### Required action
Word for word, restate the lines from the one holding "For Garmin Forerunner" through the last line of the material below, and leave every picture out.

### Data
Start of Block

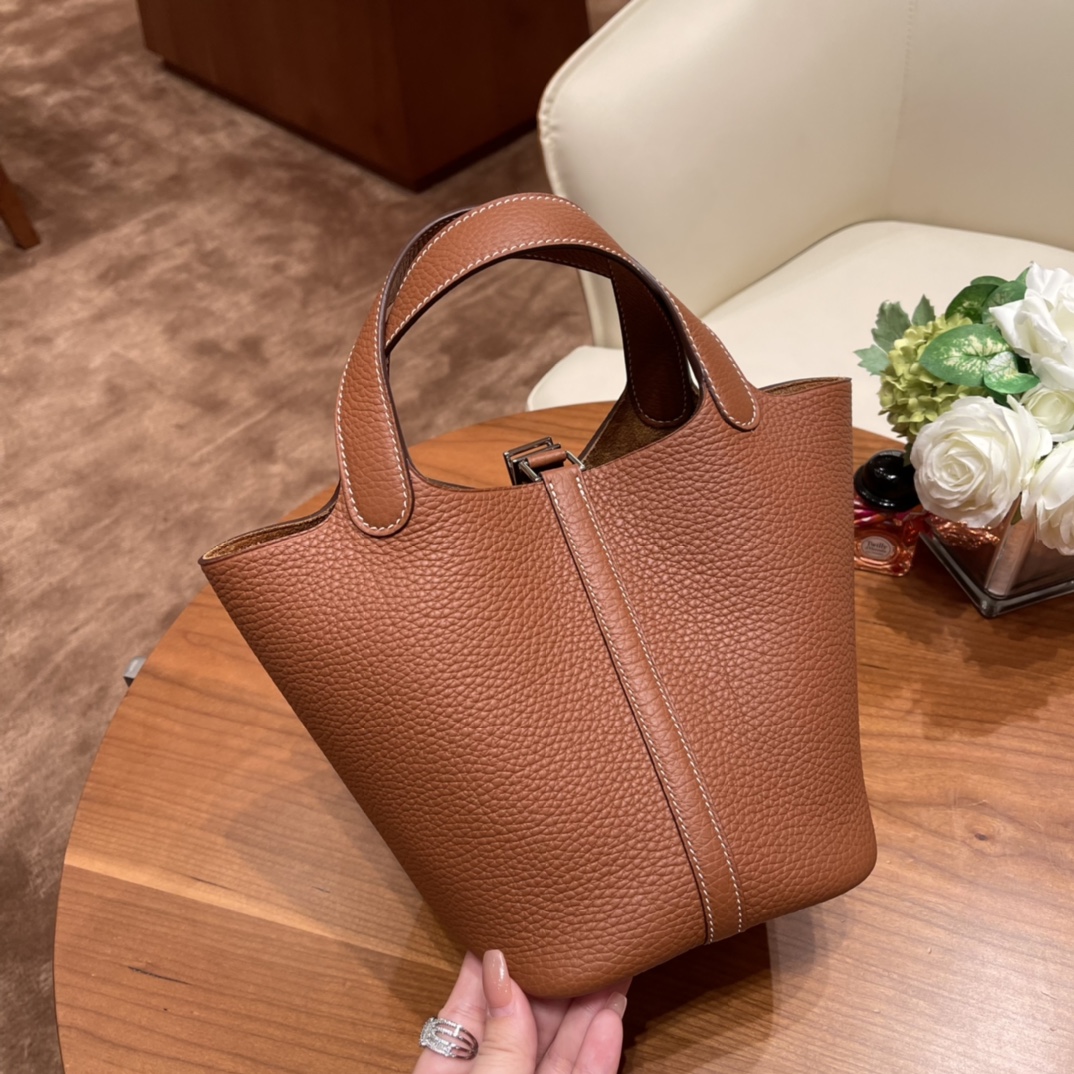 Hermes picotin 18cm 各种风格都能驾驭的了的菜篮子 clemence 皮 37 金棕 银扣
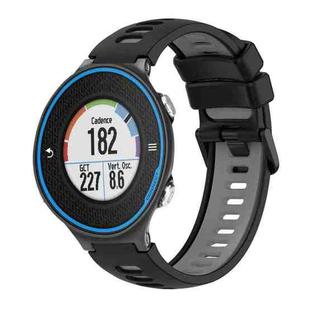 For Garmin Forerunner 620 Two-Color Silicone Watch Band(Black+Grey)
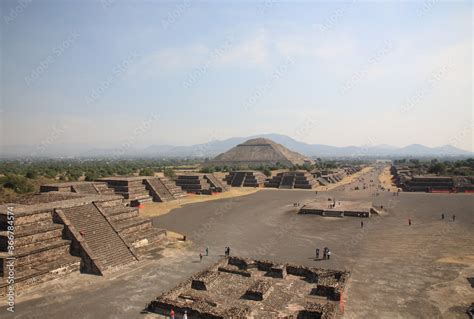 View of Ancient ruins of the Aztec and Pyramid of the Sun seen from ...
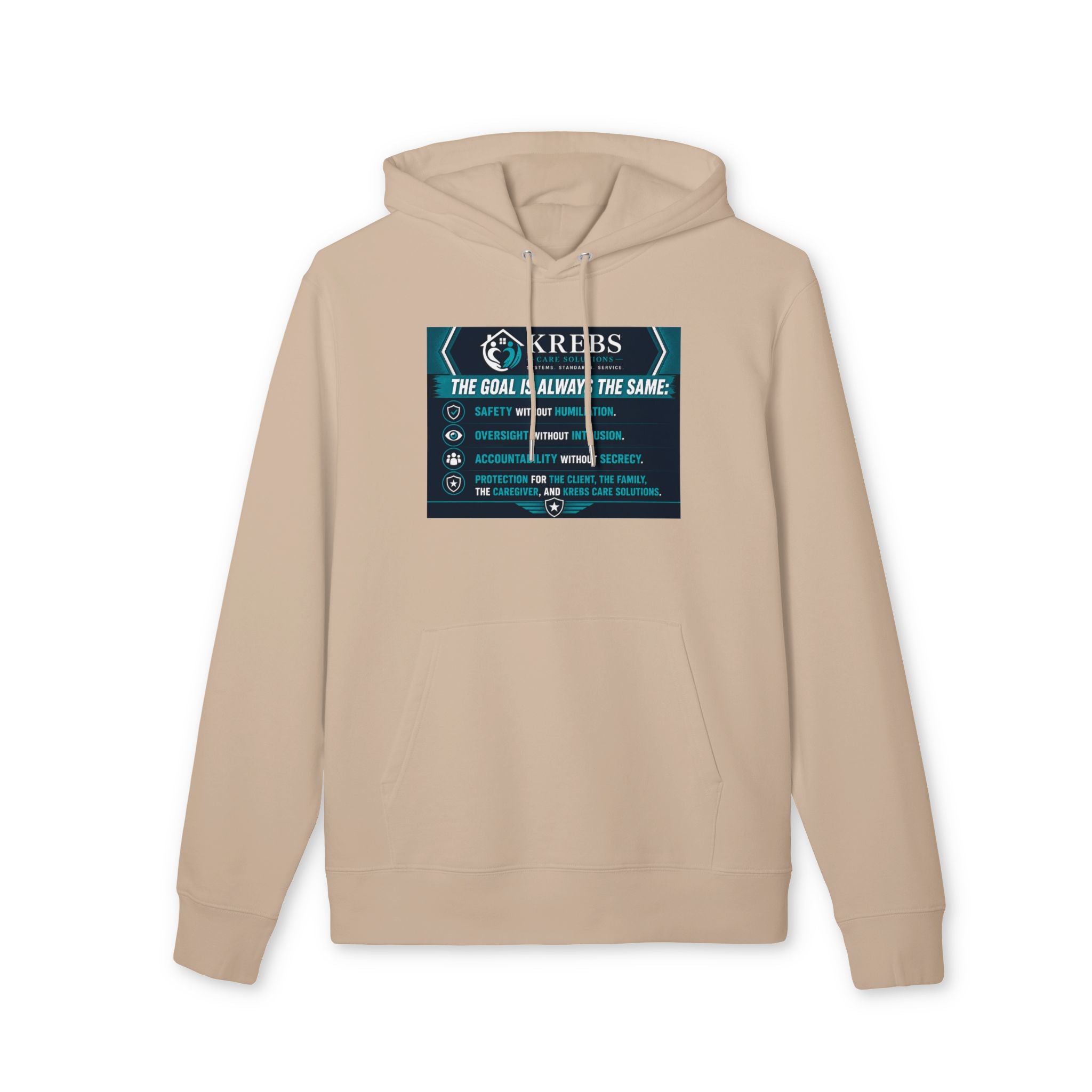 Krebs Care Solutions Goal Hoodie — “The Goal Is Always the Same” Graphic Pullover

End of Block

### Task result
 For Garmin Forerunner 620 Two-Color Silicone Watch Band(Black+Grey)
 View of Ancient ruins of the Aztec and Pyramid of the Sun seen from ...
 Krebs Care Solutions Goal Hoodie — “The Goal Is Always the Same” Graphic Pullover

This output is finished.